Lahcen Oudoud
05 Août 2020
À 16:27
Les alertes se suivent et se ressemblent sur la pérennité des régimes de retraite. La dernière en date émane de la Banque centrale qui a encore attiré l’attention des pouvoirs publics sur les risques majeurs qui pèsent sur les régimes de retraite de base et les pousse à agir. Et ce au moment où l’État, sous l’impulsion du Souverain, entamera dès début 2021 la généralisation de la retraite. En effet, indique Bank Al-Maghrib (BAM) dans son rapport sur la stabilité financière, la réforme paramétrique du régime des pensions civiles (RPC-CMR) opérée en 2016 a certes permis d’équilibrer la tarification de ce régime pour les droits acquis après cette année. Toutefois, nuance-t-elle, le poids de ceux acquis auparavant «continue de peser lourdement sur la viabilité du régime et réduisent considérablement ses marges de manœuvre». Pour assurer le financement des prestations sur tout l’horizon de projection, y compris par les réserves du régime, il serait nécessaire, estime l’institution d’émission, de relever le taux de cotisation de 28 à 51%. Pour faire face au rétrécissement de l’horizon de viabilité du régime (épuisement des réserves prévu en 2026-2027), BAM appelle les pouvoirs publics à «accélérer la mise en place de la réforme systémique et surtout assurer des sources de financement adéquates pour résorber les engagements importants du régime».

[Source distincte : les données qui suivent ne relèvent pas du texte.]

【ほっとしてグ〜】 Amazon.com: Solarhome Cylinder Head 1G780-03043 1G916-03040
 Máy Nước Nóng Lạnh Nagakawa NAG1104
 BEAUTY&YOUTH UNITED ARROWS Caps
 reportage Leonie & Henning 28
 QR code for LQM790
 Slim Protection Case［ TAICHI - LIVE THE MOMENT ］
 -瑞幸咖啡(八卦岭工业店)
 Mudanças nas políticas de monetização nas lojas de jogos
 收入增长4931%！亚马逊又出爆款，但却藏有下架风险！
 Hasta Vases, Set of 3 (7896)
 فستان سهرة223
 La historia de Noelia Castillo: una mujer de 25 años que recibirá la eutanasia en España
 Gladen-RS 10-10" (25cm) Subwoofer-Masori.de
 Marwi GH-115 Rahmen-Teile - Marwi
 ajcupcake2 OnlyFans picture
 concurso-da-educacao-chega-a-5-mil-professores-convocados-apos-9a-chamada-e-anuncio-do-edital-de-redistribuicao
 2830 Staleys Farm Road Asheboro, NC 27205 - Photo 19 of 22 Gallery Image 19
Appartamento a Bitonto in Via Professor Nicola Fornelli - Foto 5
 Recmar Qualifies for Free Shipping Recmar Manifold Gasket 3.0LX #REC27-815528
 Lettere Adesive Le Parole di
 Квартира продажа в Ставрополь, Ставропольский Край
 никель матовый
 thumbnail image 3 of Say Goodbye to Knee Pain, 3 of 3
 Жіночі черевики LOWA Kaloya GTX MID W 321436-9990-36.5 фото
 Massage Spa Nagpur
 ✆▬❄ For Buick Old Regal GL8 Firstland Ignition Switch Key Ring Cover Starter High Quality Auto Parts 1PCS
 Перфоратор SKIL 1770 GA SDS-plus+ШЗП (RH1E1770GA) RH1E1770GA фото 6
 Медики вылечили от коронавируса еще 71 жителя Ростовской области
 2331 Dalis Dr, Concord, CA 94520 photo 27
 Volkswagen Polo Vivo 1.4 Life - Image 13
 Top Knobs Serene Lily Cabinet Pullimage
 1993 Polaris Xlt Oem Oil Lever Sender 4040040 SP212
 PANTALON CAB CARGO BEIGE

S’agissant du régime général du RCAR, BAM relève qu’il est caractérisé par une sous tarification des droits acquis. Le rapport prestations/cotisations (rapport calculé pour un individu représentant le profil moyen en tenant compte des particularités du régime en termes de mortalité, évolution des salaires, revalorisation des pensions, taux technique...) du régime se situe à 207%. Ce qui veut dire qu’un dirham de cotisation générerait 2,1 dirhams de pension en valeurs actualisées. Les engagements non couverts (réserves de l’année de base plus la somme des cotisations actualisées sur l’horizon moins les prestations actualisées sur l’horizon) sur un horizon de 60 ans s’élèveraient à 147 milliards de dirhams contre 129,5 milliards en 2018, «un niveau considérablement important relativement à la faible population couverte par le régime», note la Banque centrale. Néanmoins, indique-t-elle, «le délai dont dispose le régime avant l’épuisement de ses réserves offre plus de marges de manœuvre dans le cadre de la réforme systémique pour assurer sa viabilité sur un horizon plus long et surtout pour asseoir une tarification équilibrée par rapport aux droits accordés aux affiliés».
En ce qui concerne la branche retraite de la CNSS, elle dispose, selon BAM, de plus de marge de manœuvre pour «redresser sa pérennité» sur le long terme «grâce notamment à la dynamique démographique observée dans le secteur privé». La révision de plusieurs paramètres de fonctionnement de la branche dans le cadre de la réforme systémique permettra ainsi d’assurer sa pérennité sur le long terme, note-t-elle. Pourtant, insiste-t-elle, «cette réforme ne devra pas perdre de vue la refonte du mécanisme d’acquisition des droits à la pension qui se caractérise par une générosité excessive pour les carrières moyennes (avec un taux d’annuité moyen de 3,33% pour les 15 premières années de cotisation conduisant à un rapport prestations/cotisations pour un profil moyen qui dépasse les 200%), mais qui reste défavorable aussi bien pour les courtes que pour les longues carrières».